Von Tilo Wagner | 16.12.2010
    Es ist kurz vor acht Uhr morgens. Noch hat das Gesundheitszentrum in Sintra, rund 15 Kilometer westlich von Lissabon, nicht geöffnet. Doch in dem kühlen, dunklen Gang stehen schon zwei Dutzend Bürger. Nur wer ganz früh kommt, hat eine Chance noch am gleichen Tag von einem Arzt gesehen zu werden. Darauf hofft auch die chronisch kranke Ana Pereira, die die letzten Laboruntersuchungen vorzeigen muss.

    "Ich verstehe das System nicht. Seit mein Hausarzt pensioniert wurde, habe ich keinen Arzt mehr, der für mich zuständig ist. Das heißt, ich habe niemanden, der meine Krankheit regelmäßig beobachtet."
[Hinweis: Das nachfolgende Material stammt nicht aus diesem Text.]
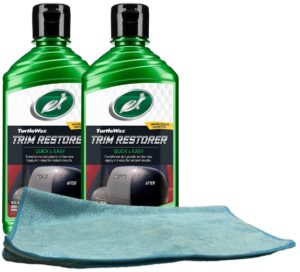 turtle wax trim restorer (10 oz) bundle with microfiber cloth (3 items)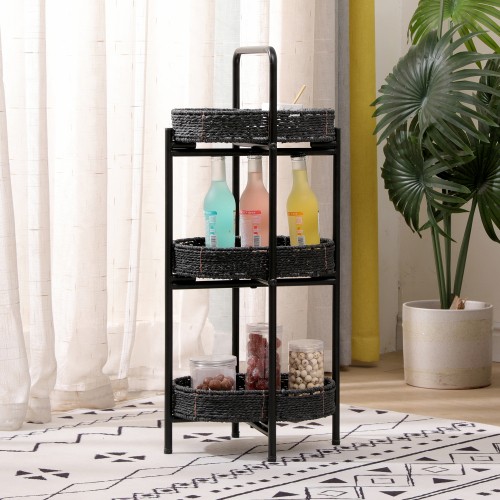 Small Handwoven Side Tables 3-Tier Oval Organizer Portable Storage Shelf, Picnic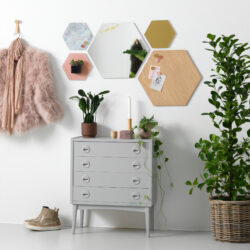 Magnetisk glastavle Hexagonal 42 cm. -Flere farver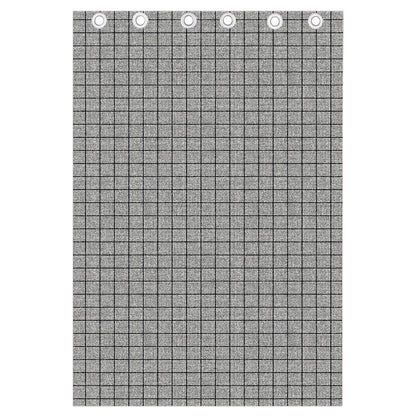Grey Windowpane Pattern Print Curtain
    Große Bereiche des portugiesischen Verwaltungsapparats sind ineffizient. Das bekommen die Portugiesen sonst nur sporadisch zu spüren. Doch mit den Problemen des Gesundheitssystems werden sie alltäglich konfrontiert. Das Recht auf eine gebührenfreie Behandlung steht in der portugiesischen Verfassung. Und obwohl der Staat immer mehr Geld aus der Sozialkasse und über Steuern in das System pumpt, sind die Mängel allerorts sichtbar: keine Hausärzte in den Gesundheitszentren, Patienten auf den Fluren der staatlichen Krankenhäuser, lange Wartelisten für lebenswichtige Operationen.

    Jetzt hat eine unabhängige Kommission unter Leitung des ehemaligen Wirtschaftsministers Augusto Mateus eine Studie veröffentlicht, die als Hauptgrund für die Ineffizienz schwerwiegende Koordinationsprobleme zwischen dem staatlichen, dem privaten und dem von der Kirche unterhaltenen Gesundheitssektor aufdeckt:

    "Wir beobachten eine Zersplitterung des Systems in drei nicht miteinander verbundene Untersysteme. Dadurch ist die Einsatzplanung der Ärzte oder das Angebot von Gesundheitseinheiten vollkommen unkoordiniert. Die Menschen glauben, es gibt in Portugal keine Ärzte; dabei haben wir europaweit einen der besten Werte in der Kategorie Ärzte pro Einwohner. Es existiert kein Ärztemangel, sondern ein Organisationsproblem."

    Mit punktuellen Einsparmaßnahmen hat die sozialistische Regierung bislang versucht, die Kosten des Systems, die sich in den vergangenen zehn Jahren verdoppelt haben und mittlerweile annähernd ein Zehntel des Bruttosozialproduktes ausmachen, unter Kontrolle zu bekommen. Die vereinzelte Schließung von staatlichen Gesundheitszentren in dünn bevölkerten Landstrichen hatte zum Aufschrei der lokalen Bevölkerung geführt. Vor allem, weil die Kosten dennoch nicht gesenkt werden konnten. Die gleichzeitig steigenden Medikamentenpreise rissen weitere Lücken in den Haushalt. Der drastische Sparplan der Regierung sieht für 2011 eine Absenkung der Gesundheitsausgaben um fast 13 Prozent vor. Weil alle Maßnahmen bislang nicht gegriffen haben, fordert Augusto Mateus eine tiefgreifende Reform. Andernfalls stünde das System vor dem Kollaps:

    "Wir regen einen Paradigmenwechsel an. Bisher wurde im Gesundheitssystem das Angebot finanziert. Jetzt soll die Nachfrage unterstützt werden. Für den Bürger würde sich nichts ändern. Mit seinem Gesundheitspass hat er kostenfreien Zugang zum System. Doch der Staat unterstützt die tatsächlich in Anspruch genommenen Leistungen. Und nicht etwa das zuvor definierte, mögliche Gesamtangebot."

    Die Zeichen für eine radikale Gesundheitsreform stehen jedoch schlecht. Im Sommer hatten sich Oppositionsführer Pedro Passos Coelho und Premierminister José Sócrates über das Thema derartig zerstritten, dass der für das finanzielle Überleben Portugals notwendige Sparhaushalt 2011 nicht direkt zwischen den beiden Politikern ausgehandelt werden konnte. Augusto Mateus ist sich dieser Gefahr bewusst und schlägt in seiner Studie deshalb vor:

    "Die Reform soll etappenweise durchgeführt werden. Sie soll im Detail nicht auf parteipolitischer Ebene ausgehandelt werden. Doch die Reform soll nicht von Politikern, sondern von allen an der Organisation des Gesundheitssystems beteiligten Personen und Institutionen durchgeführt werden."